One solution that may help, in some cases at least, is using a Single Inductor, Multiple Output DC/DC converter. These components only require the use of a single inductor to output multiple voltage rails while still maintaining efficiency. The upsides to the technique are quite considerable for suitable applications, such as smart watches or any other small, low-voltage application with multiple voltage inputs. Designs can be a lot smaller and use fewer components, meaning a reduced BoM and less design complexity, as well as a reduction in cost. SIMO components are especially useful for applications that require buck-boost conversion, especially battery-powered devices as the input voltage from the battery drops over time.

Dostal expands on this by saying, “The biggest advantage of SIMO technology is if you need a buck-boost conversion alongside typical low-voltage rails. For example, lithium-ion batteries begin discharging around 3.6 V and as it discharges, it can get down to around 3.0 V. If you need to generate a solid 3.3 V rail, then you need both buck and boost to generate 3.3 V continuously, and this can be done while the buck converters supply other voltages like 1.8 V and 1.2 V, and all with a single inductor.”

Of course, like every other technique there is a trade off and restrictions. In this case, SIMO technology is only really suitable for low-voltage applications. Currently, the maximum input voltage available using SIMO components is around 5.5 V. However, that could change soon, as Analog Devices, and possibly other manufacturers, are working to extend the input voltage range for the component. Further, the output signal is not a perfect DC voltage, as some ripple is introduced when the controller switches between different outputs, although a high frequency operation, a good output capacitor and other design techniques can keep the ripple to an absolute minimum. Finally, the SIMO solution requires a larger silicon footprint than other conversion techniques.

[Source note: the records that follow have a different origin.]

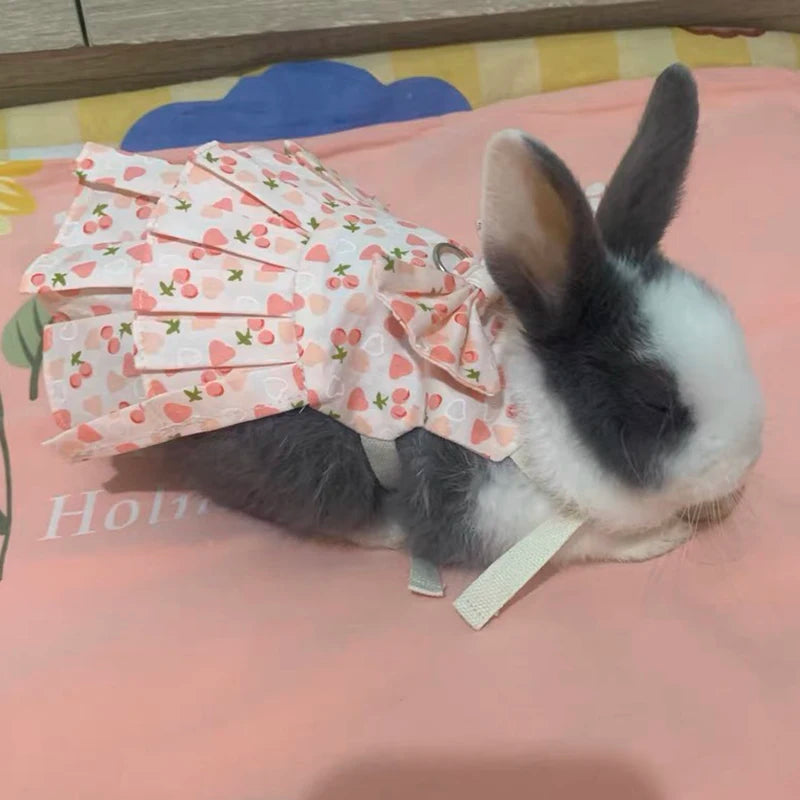 Fashion Chinchilla & Rabbit Skirt Dress – Adorable Cotton Pet Outfit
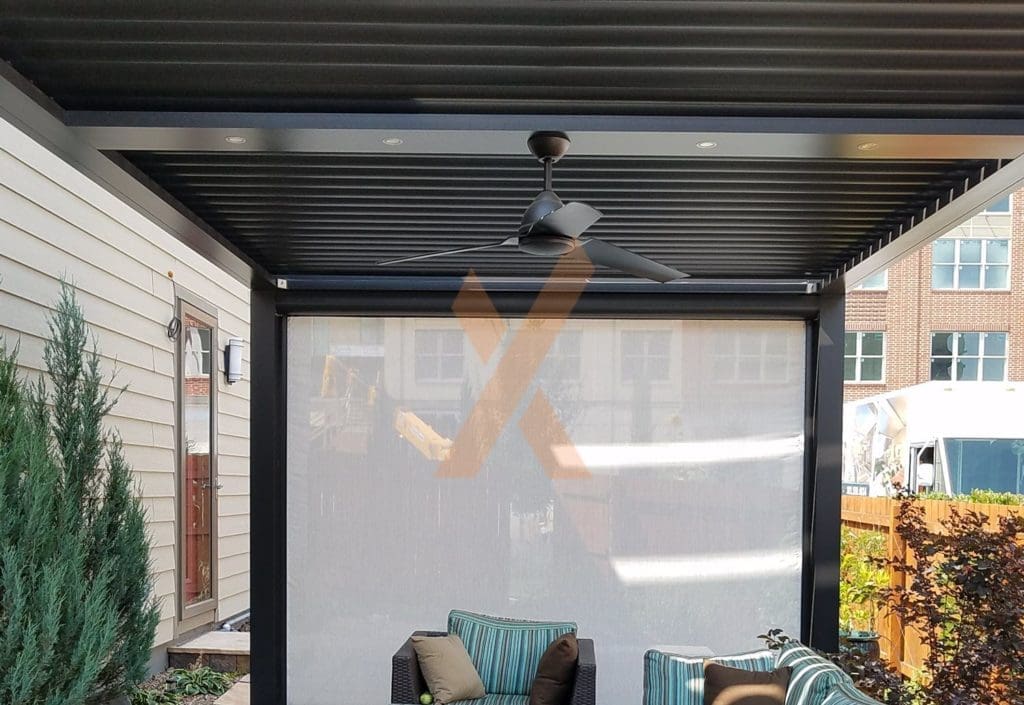 Motorized Privacy Screen by StruXure of the Rockies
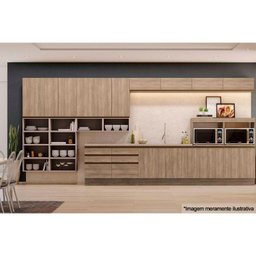 Armário Aéreo Cozinha Modulado Maxxi G772 c/ 1 Porta Basculante 60cm Nogal - Kappesberg - 4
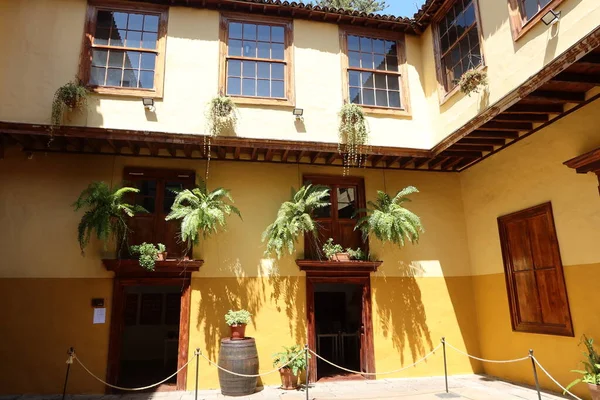 Icod Los Vinos Tenerife Canary Islands Spain September 2022 Courtyard — Stock Photo, Image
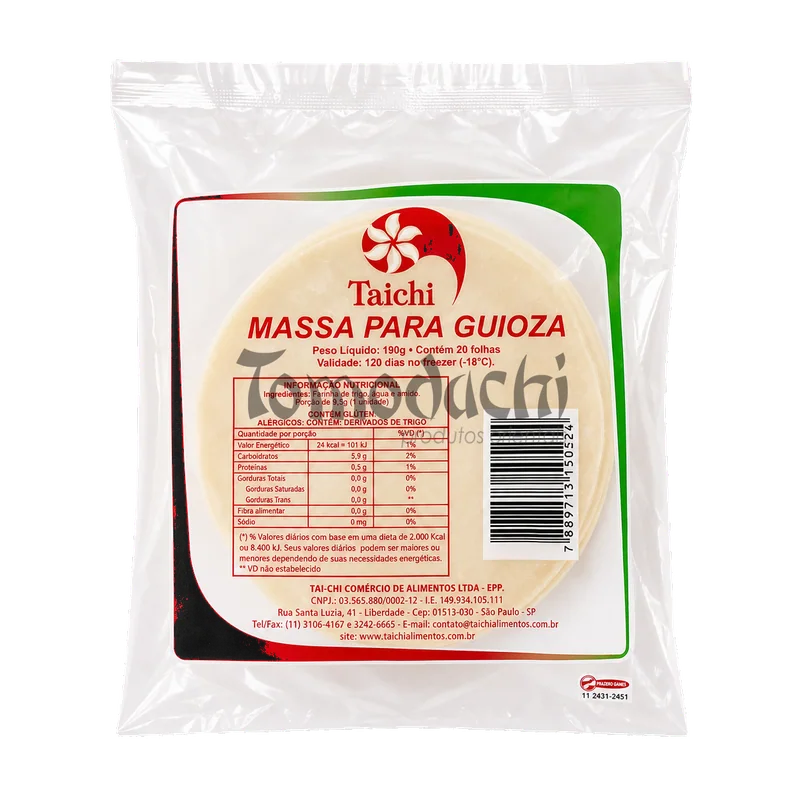 Massa Fina Importada P/ Guioza Taichi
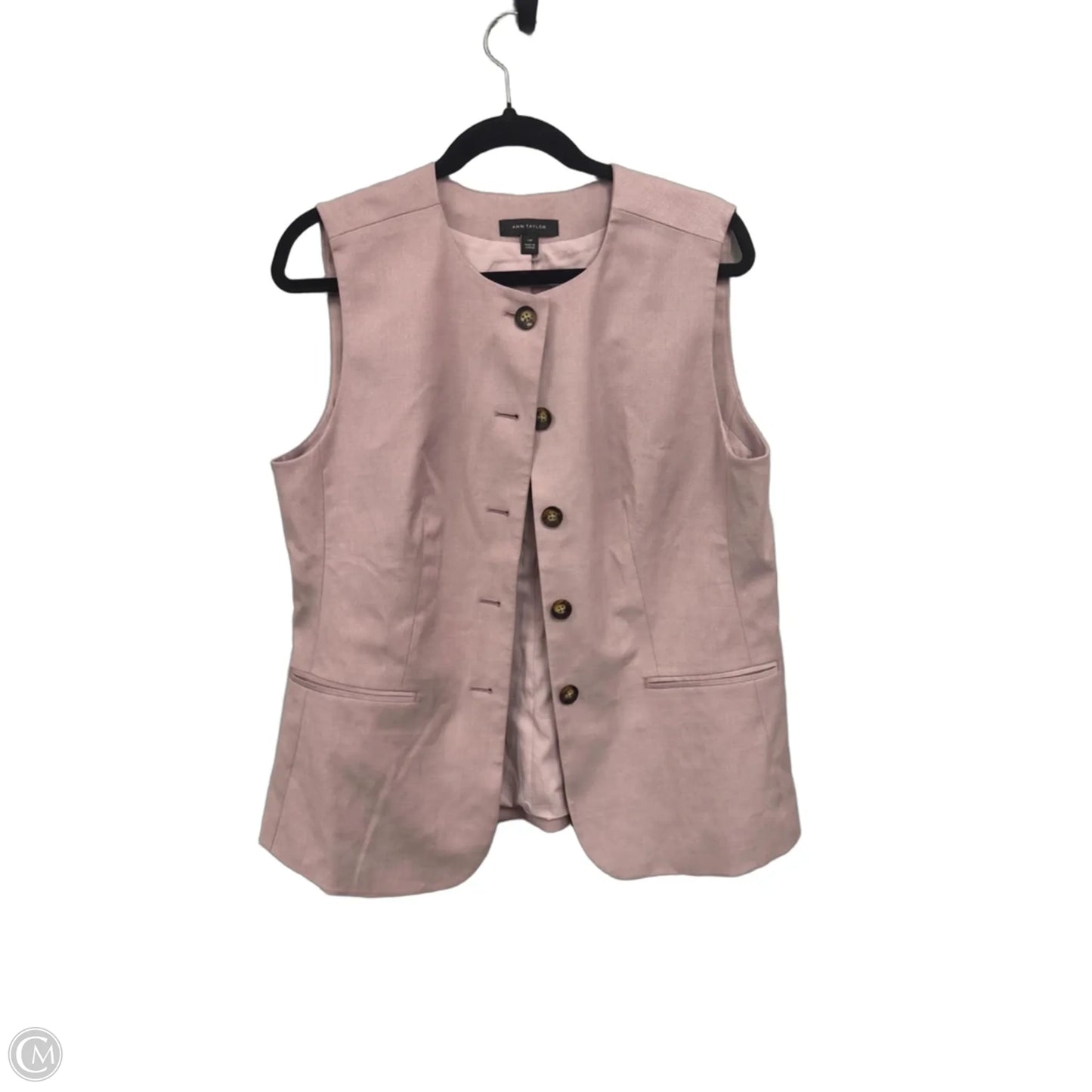Vest Other By Ann Taylor In Mauve, Size: 14p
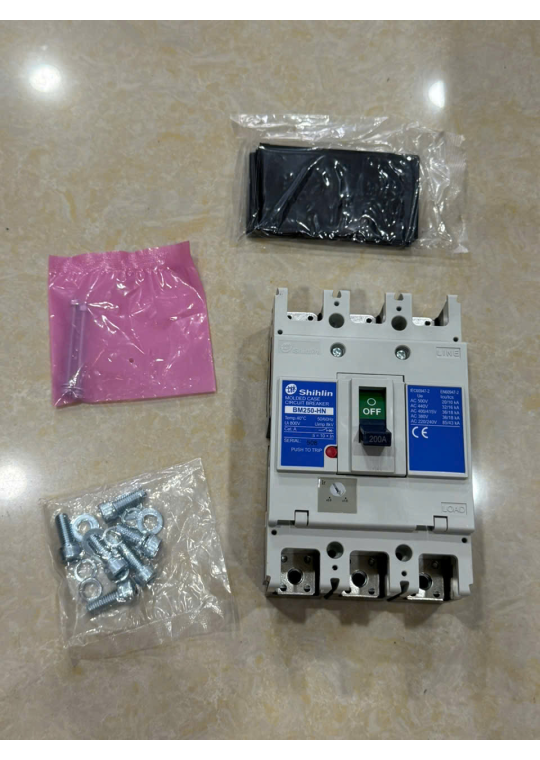 MCCB SHIHLIN 3P 200A 36kA ( BM250-HN )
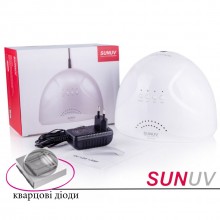 Лампа для маникюра  SUNUV SUN1 Special Edition,c кварцевыми диодами 2 поколения, санван белая (оригинал) 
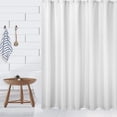 thumbnail image 2 of White Waffle Weave Shower Curtain – 72x78 Inch, Extra Long, Washable Textured Polyester, Elegant Modern Bathroom Decor, Color: System default_17, 2 of 7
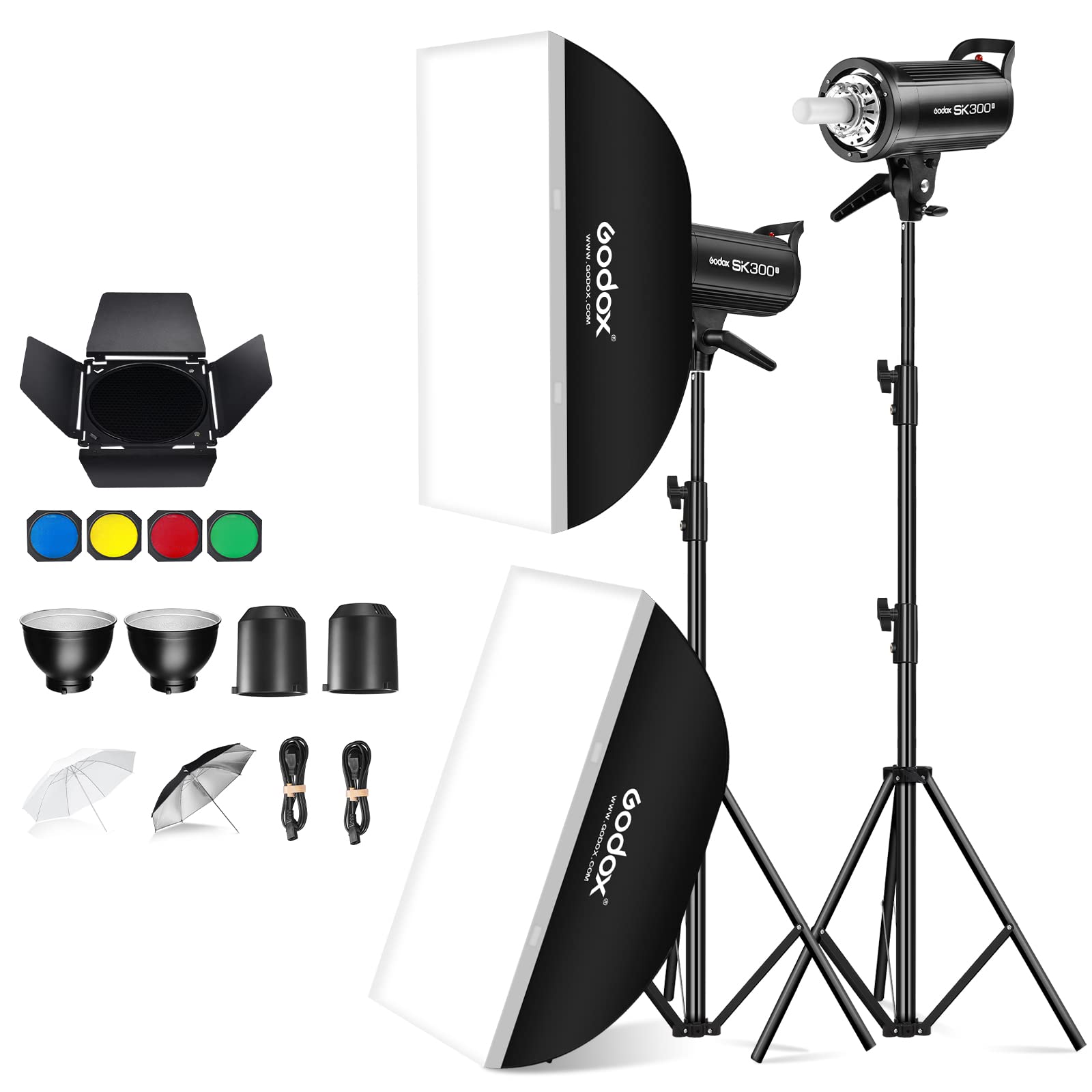 Foto 3 pulgar | Kit De Luces Estroboscópicas Studio Flash Godox Sk300ii De 600 W Con Acceso. - Venta Internacional.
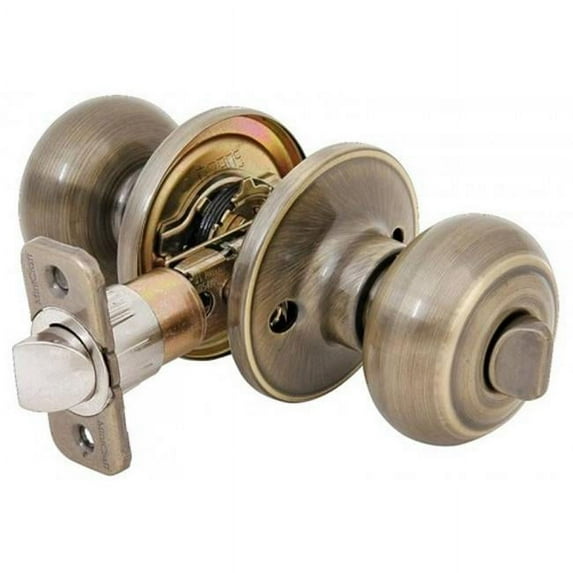 Prosource 5746060 Knobset Privacy Series Antique Brass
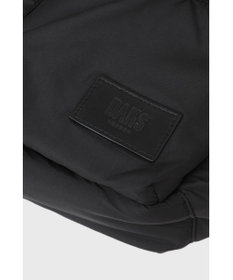 DAKS ナイロン×牛革 ハウスチェックディテール フラップショルダーバッグ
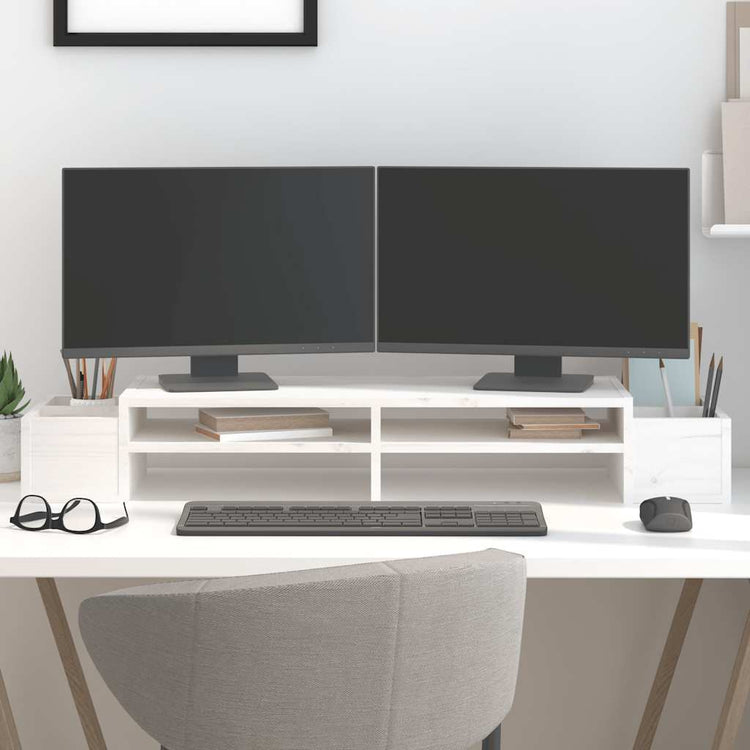 Vidaxl Monitor Standard 100x27.5x15 cm Festkiefer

Explaining how SIMO components work using the image above, Dostal says, “The image shows the inductor current over time. In step 1, the inductor is charged up over a certain on-time, leading to energy stored in the inductor. In step 2, we discharge the inductor and feed the energy out to the buck output - a typical buck operation. There is a little bit of idle time and then the inductor is used for the for the buck-boost output. In step 3, the energy is charged up into the inductor for the buck-boost. Then in step 4, the energy is discharged to the buck boost output. It is really only time scheduling the inductor time.”

Analog Devices has used its SIMO technology in both subsystem PMICs and full system PMICs, which include additional integrated functions and features, including battery management (charger and fuel gauging), LDO outputs for noise- sensitive rails, and an on-board sequencer for controlled power-up and power-down. An I2C interface provides the capability to completely customize the power management IC and supports dynamic voltage scaling (DVS) for additional power savings and custom power profiles.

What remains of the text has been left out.